DDP-based Scaling of Gaudi on PyTorch

mpirun Configuration

mpirun map-by PE attribute value may vary on your setup and should be calculated as: socket:PE = floor((number of physical cores) / (number of gaudi devices per each node)).

This sample code can also be used to calculate the number of physical CPU cores and HPU count to generate the appropriate PE value, shown as MPI_PE below. This can be incorporated into any model:

export PHY_CPU_COUNT=$(lscpu --all --parse=CORE,SOCKET | grep -Ev "^#" | sort -u | wc -l)
export PHY_HPU_COUNT=$(ls /dev/hl? | wc -l)
export MPI_PE=$(($PHY_CPU_COUNT/$PHY_HPU_COUNT))

The PE value in the Model-References examples may be set to a common number to ensure functionality, but depending on the Host CPU, the directions above should be used for optimal system performance.

Scale-up Using Gaudi NICs Within a Server

The below is a simple example, example.py showing distributed training support. HCCL communication backend is loaded and process group communication backend is initialized as “hccl” using the following script changes.

 1
 2
 3
 4
 5
 6
 7
 8
 9
10
11
12
13
14
15
16
17
18
19
20
21
22
23
24
25
26
27
28
29
30
31
import os
import torch
import torch.distributed as dist
import habana_frameworks.torch.core as htcore

torch.manual_seed(0)
#load hpu backend for PyTorch
device = torch.device('hpu')

def setup(rank, world_size):
    os.environ['MASTER_ADDR'] = 'localhost'
    os.environ['MASTER_PORT'] = '12340'
    #distributed package for HCCL
    import habana_frameworks.torch.distributed.hccl
    dist.init_process_group(backend='hccl', rank=rank, world_size=world_size)

def cleanup():
    dist.destroy_process_group()

def allReduce():
    _tensor = torch.ones(10).to(device)
    torch.distributed.all_reduce(_tensor)
    _tensor_cpu = _tensor.cpu()

def main(rank, world_size):
    setup(rank, world_size)

    for i in range(100):
        allReduce()

    cleanup()

The code above runs in multiple processes, one for each Gaudi.

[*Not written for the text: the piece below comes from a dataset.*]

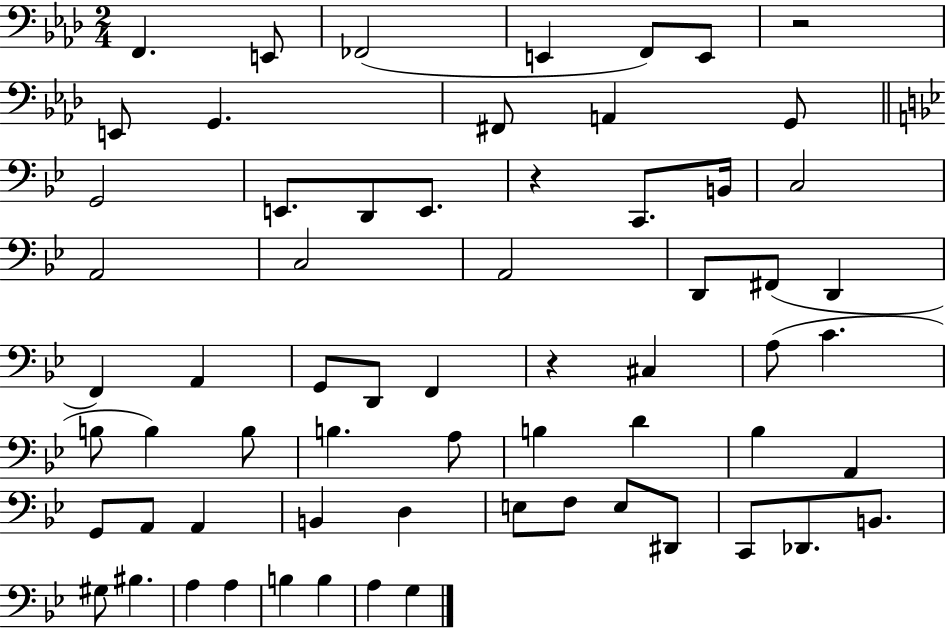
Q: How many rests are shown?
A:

In order to launch the distributed training for eight Gaudi devices within one host run the following command:

$ mpirun -np 8 python3 example.py

Note

Open MPI is required for host communication and launching processes.

Scale-out Across Servers

Scale-out Using AWS DL1/Host NICs

Environment variable HCCL_OVER_OFI=1 must be set to enable multi-server in HCCL using Libfabric.

Set the below to the network interface name or subnet that will be used by HCCL to communicate:

export HCCL_SOCKET_IFNAME=interface_name
export HCCL_OVER_OFI=1

Scale-out Using Gaudi NICs

Run the script using the below command. You must append the IP addresses of two servers at the end of the script and the addresses should be separated by commas, similar to the example below:

mpirun --allow-run-as-root  \
    -x LD_LIBRARY_PATH=".."  \
    -x HABANA_LOGS=".."  \
    -x GC_KERNEL_PATH=".."  \
    --prefix /usr/local/openmpi  \
    --mca btl_tcp_if_include 10.211.160.0/16  \
    -x MASTER_ADDR=10.211.160.154  \
    -x MASTER_PORT=12345  \
    --mca plm_rsh_args "-p 3022"  \
    -H 10.211.160.154,10.211.160.52 \
    -n 16  \
    ...
    python3 example.py

By default, the shell scripts connect to port 3022, however, the port listened by the SSH server may differ between different environments. If your environment requires specifying a different port of the remote SSH server, you can use the SSHD_PORT environment variable.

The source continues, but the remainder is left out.